We continued our conversation with the doctors today about how/why all of this happened after a really good few months. We had several theories, but the pulmonologist has settled on the same as before - aspiration. He thinks that in all likelihood, despite the surgery last December, Mason's lungs are still getting damaged by food slipping into his lungs by reflux. He's still of the mindset "if you hear hooves, think horses, not zebras." We're not convinced it's the same "horses" and want to keep looking for the "zebras," but need to go through the steps to rule out that Mason has "silent aspirations" in which a little bit of food might be slipping into his lungs without any of us really knowing for sure. The running idea is that some of the food goes back up his esophagus when his stomach gets too full. To test this theory, we have been advised to change to continuous drip feedings. This means that Mason will be hooked up to a feeding tube and feeding pump 22 hours per day. With smaller amounts in his stomach at all times, hopefully there won't be that overflow reflux into his esophagus. The pulmonologist has asked us to do this for at least a week to see if it makes a difference. So, we started tonight.

To say continuous drip feedings will be a challenge is an understatement. As a developing toddler, Mason is just learning that he is able to explore his environment. He has learned to cruise and crawl around his oxygen tube for the most part, but we need to keep fairly constant watch to make sure that it doesn't get caught up on something and he gets hung up by his nose (I gotta say it's kinda funny at times...I know, bad Mama!!).

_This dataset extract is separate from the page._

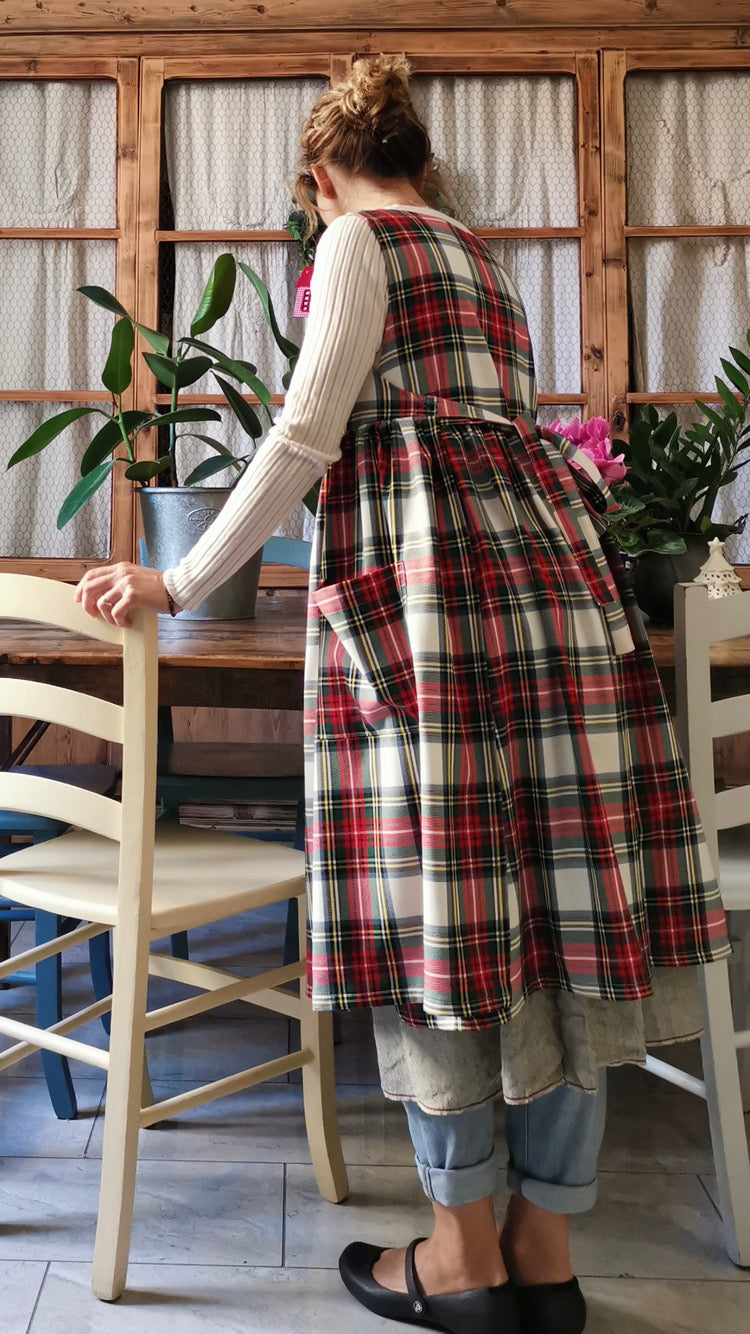 Riservato per Francesca Grembiule per donna in tartan bianco e rosso e gonna denim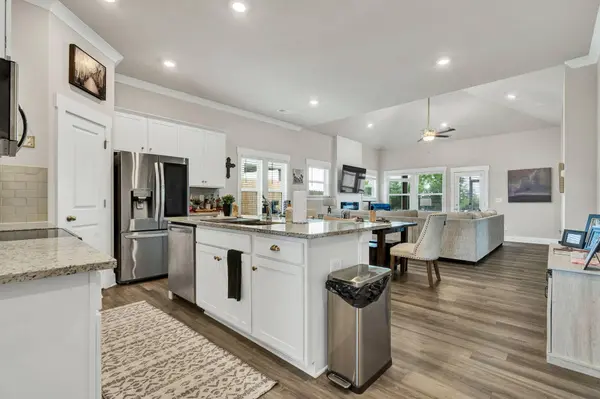 7593 Snow Line LN, Ooltewah, TN 37363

He is a little more challenged by the oxygen sensor since it's a shorter wire, but most of the time we disconnect it while he's up and walking since it doesn't read right while he's standing anyway. Now, with the addition of the feeding tube, we'll have a bigger challenge making sure nothing gets pulled. We have learned the hard way that if the feeding tube gets pulled hard enough, the "button" (the tube that actually goes into his stomach) can get pulled out - and that's no fun for anyone. As with everything we have gone through, this will be a challenge we will meet. We will figure out how to make it work. As always, we will do whatever it takes to keep Mason safe while his little lungs have a chance to grow.

For those of you who are the praying sort, please say an extra prayer for Bill and I to have patience when we feel like we're hearing a broken record and to have the creativity to figure out how to make the continuous drip feeding work. Please also say a prayer for Mason to have the flexibility to learn how to play and explore his environment with 1 more tube.